What this might mean is that universities that spend modest amounts of money in fields where little money is usually spent would get a huge score. So what would happen if an eccentric millionaire left millions to establish a lavishly funded research chair in continental philosophy at Middlesex University?  There are no doubt precautions that Thomson Reuters could take but will they? The El Naschie business does not inspire very much confidence that they will.

The reception of the 2010 THE WUR rankings suggests that the many in the academic world have doubts about the wisdom of using normalised citation data without considering the potential for gaming or statistical anomalies. But the problem may run deeper and involve citations as such. QS, THE 's rival and former partner, have produced a series of subject rankings based on data from 2010. The overall results for each subject are based on varying combinations of the scores for academic opinion, employer opinion and citations per paper (not per faculty as in the general rankings).

The results are interesting. Looking at citations per paper alone we see that Boston College and Munich are jointly first in Sociology. Rutgers is third for politics and international studies. MIT is third for philosophy (presumably Chomsky and co). Stellenbosch is first for Geography and Area studies. Padua is first for linguistics.

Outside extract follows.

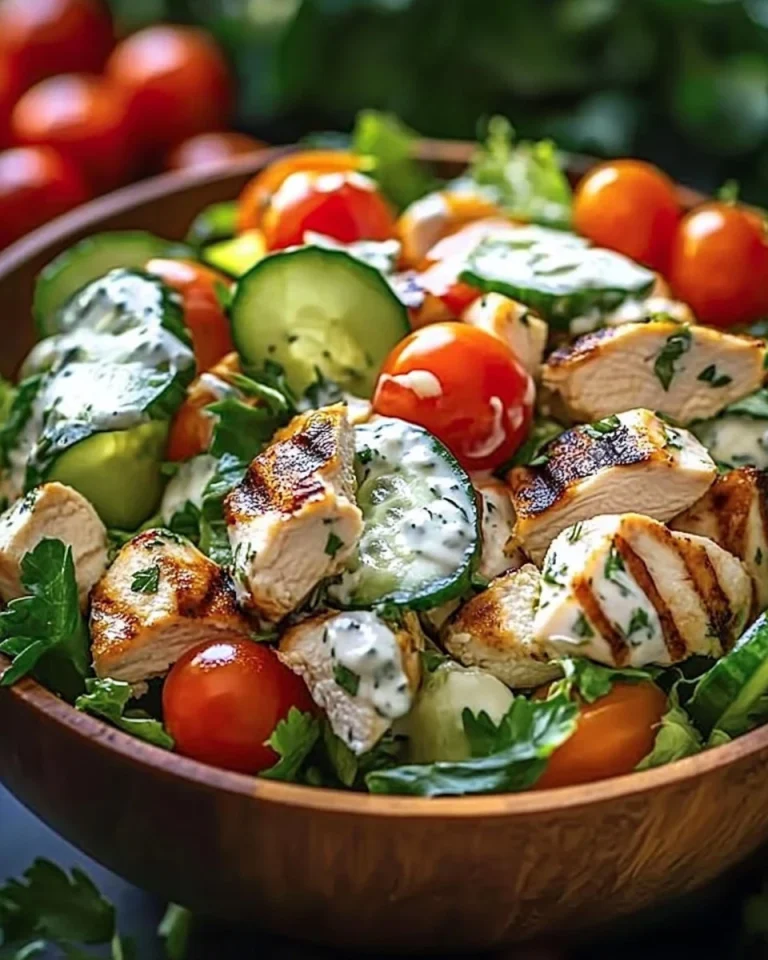 Griechischer Hähnchen Salat mit Tzatziki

Tokyo Metropolitan University is second for biological sciences and Arizona State University first.


Pockets of excellence or statistical anomalies? These results may not be quite as incredible as Alexandria in the THE rankings but they are not a very good advertisement for the validity of citations as a measure of research excellence.

It appears that THE have not made their minds up yet. There is still time to produce a believable and rigorous ranking system. But whatever happens, it is unlikely that citations,  normalized or unnormalized, will continue to be the unquestionable gold standard of academic and scientific research.